Required work: Reproduce word for word the lines between the one containing "this 866×1390 image." and the end of the entries below, both inclusive; leave out pictures.

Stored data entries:

▶

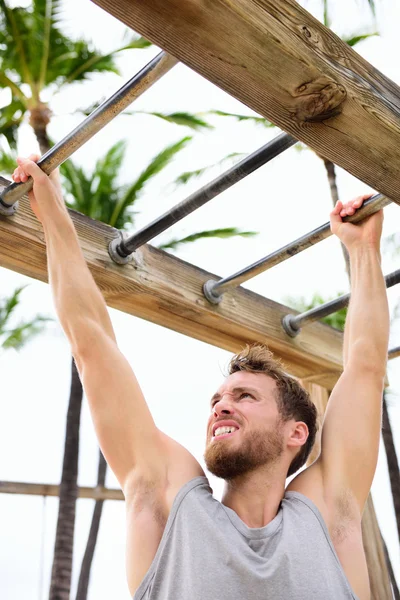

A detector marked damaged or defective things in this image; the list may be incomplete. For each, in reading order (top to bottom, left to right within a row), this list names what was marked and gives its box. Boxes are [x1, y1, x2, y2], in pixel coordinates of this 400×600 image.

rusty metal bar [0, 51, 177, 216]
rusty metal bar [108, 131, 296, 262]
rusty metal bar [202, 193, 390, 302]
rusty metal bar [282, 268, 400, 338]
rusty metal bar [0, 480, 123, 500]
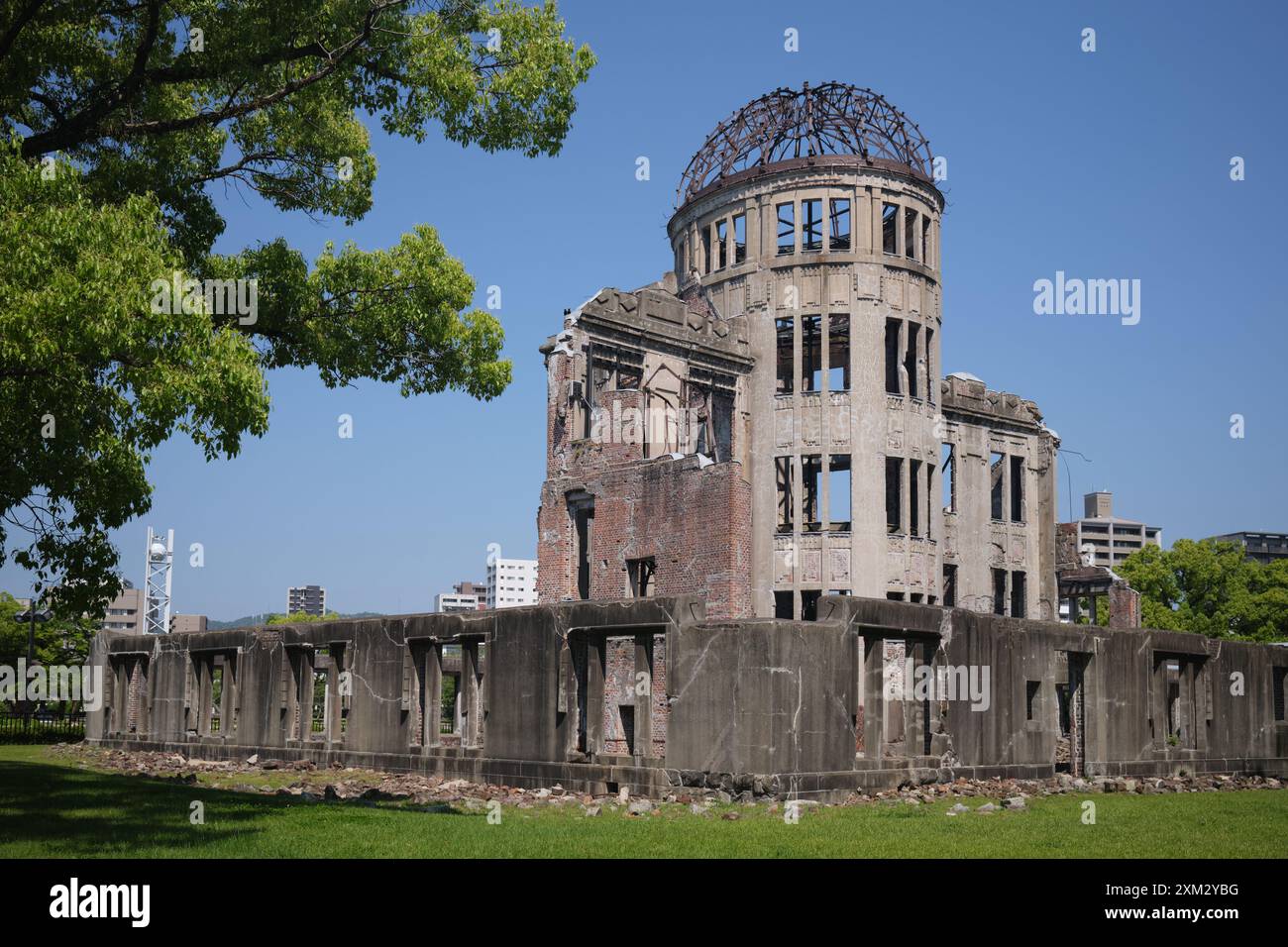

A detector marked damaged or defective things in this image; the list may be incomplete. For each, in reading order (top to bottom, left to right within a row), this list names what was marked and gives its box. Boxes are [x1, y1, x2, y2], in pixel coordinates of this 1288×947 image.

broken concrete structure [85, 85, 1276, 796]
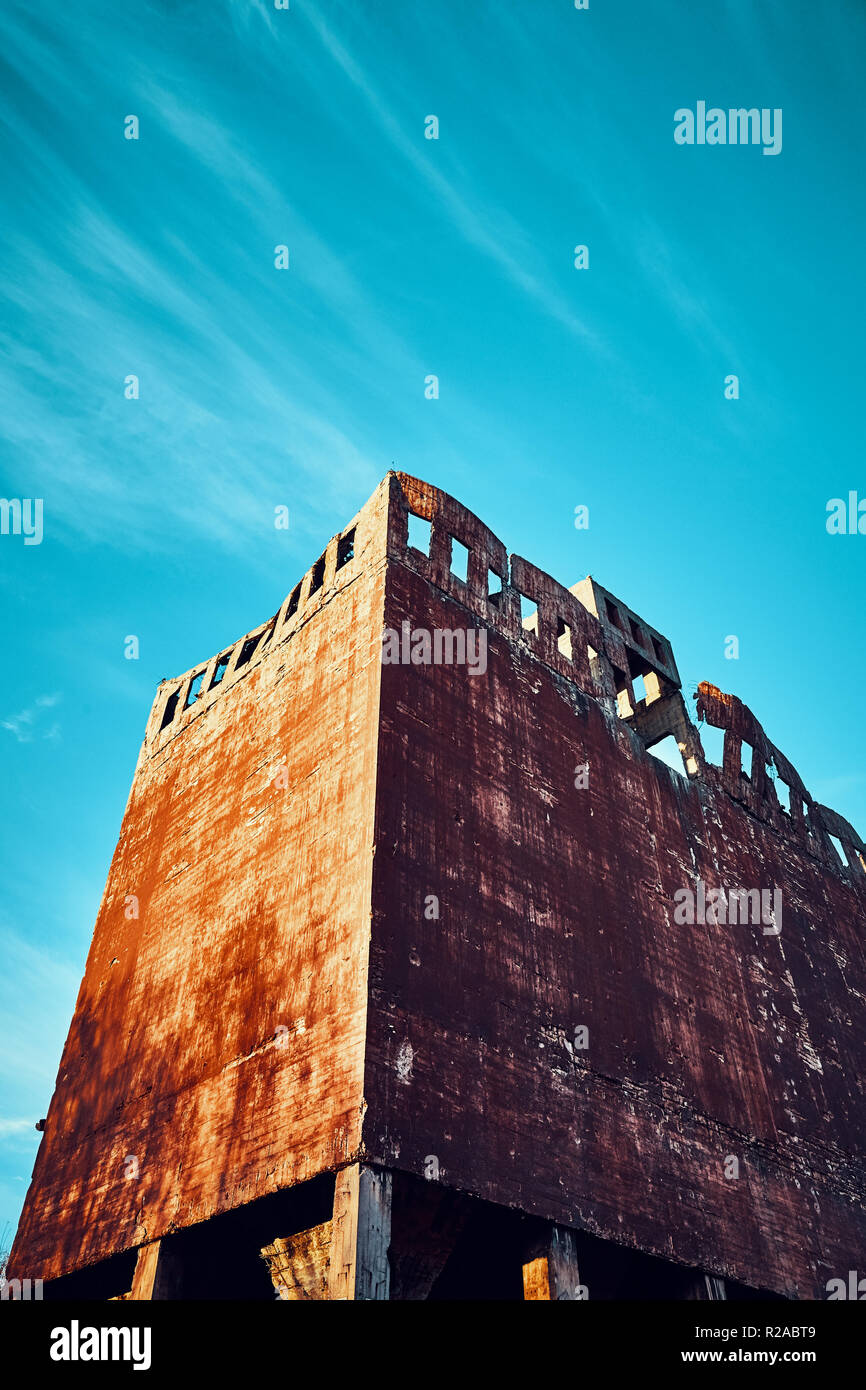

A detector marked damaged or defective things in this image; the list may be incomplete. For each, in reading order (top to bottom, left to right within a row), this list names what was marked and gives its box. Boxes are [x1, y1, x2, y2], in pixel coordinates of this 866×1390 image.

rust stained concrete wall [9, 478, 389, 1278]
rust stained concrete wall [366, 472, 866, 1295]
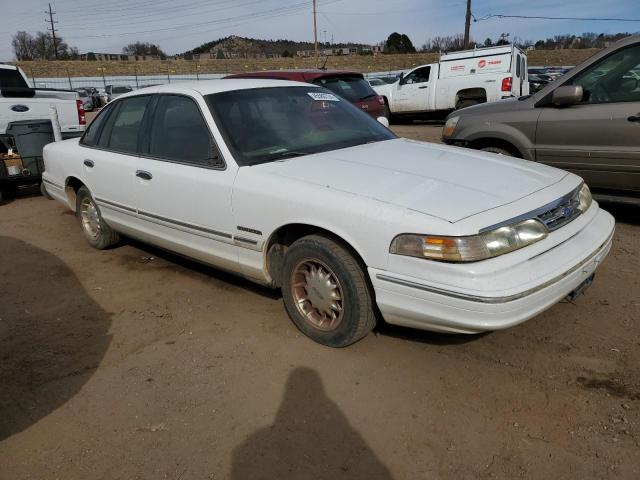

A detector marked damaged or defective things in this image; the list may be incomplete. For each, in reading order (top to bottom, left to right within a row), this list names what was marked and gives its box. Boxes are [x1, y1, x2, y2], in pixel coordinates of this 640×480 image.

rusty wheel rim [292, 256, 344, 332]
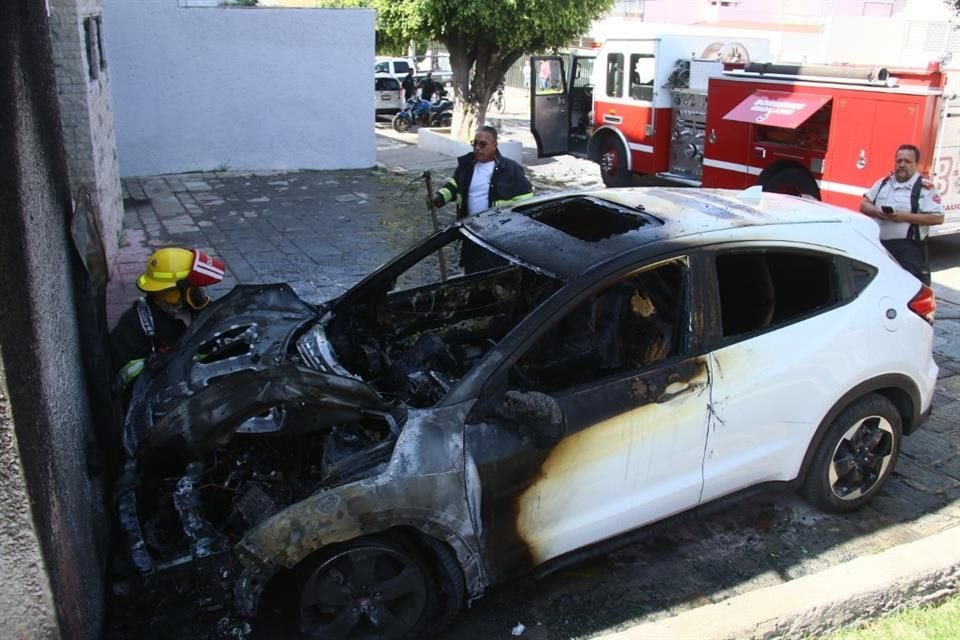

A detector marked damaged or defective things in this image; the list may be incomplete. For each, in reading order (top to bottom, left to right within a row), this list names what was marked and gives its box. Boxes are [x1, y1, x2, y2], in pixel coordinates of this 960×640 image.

◀

Solved problem:
A detector marked damaged or defective things in this image; the list may be incomplete. For each, in reading order (top to bottom, left to right within a row), this list names what was marked and gives its box. Boxes are [x1, y1, x2, y2], in pixel coordinates of this 866×1390 image.

rust stained concrete wall [9, 478, 389, 1278]
rust stained concrete wall [366, 472, 866, 1295]

A detector marked damaged or defective things in this image; the list may be incomplete. For each, in reading order (top to bottom, left to right within a row), this list names what was marked and gives its box. Boxes are [x1, y1, x2, y2], in pixel coordinates of this 640×480 image.

rusty wheel rim [292, 256, 344, 332]

A detector marked damaged or defective things in this image; the list may be incomplete. For each, in reading order (top to bottom, left to right within a row), this list names what was marked and gives its box. Boxes are [x1, y1, x2, y2], in pixel coordinates of this 960×640 image.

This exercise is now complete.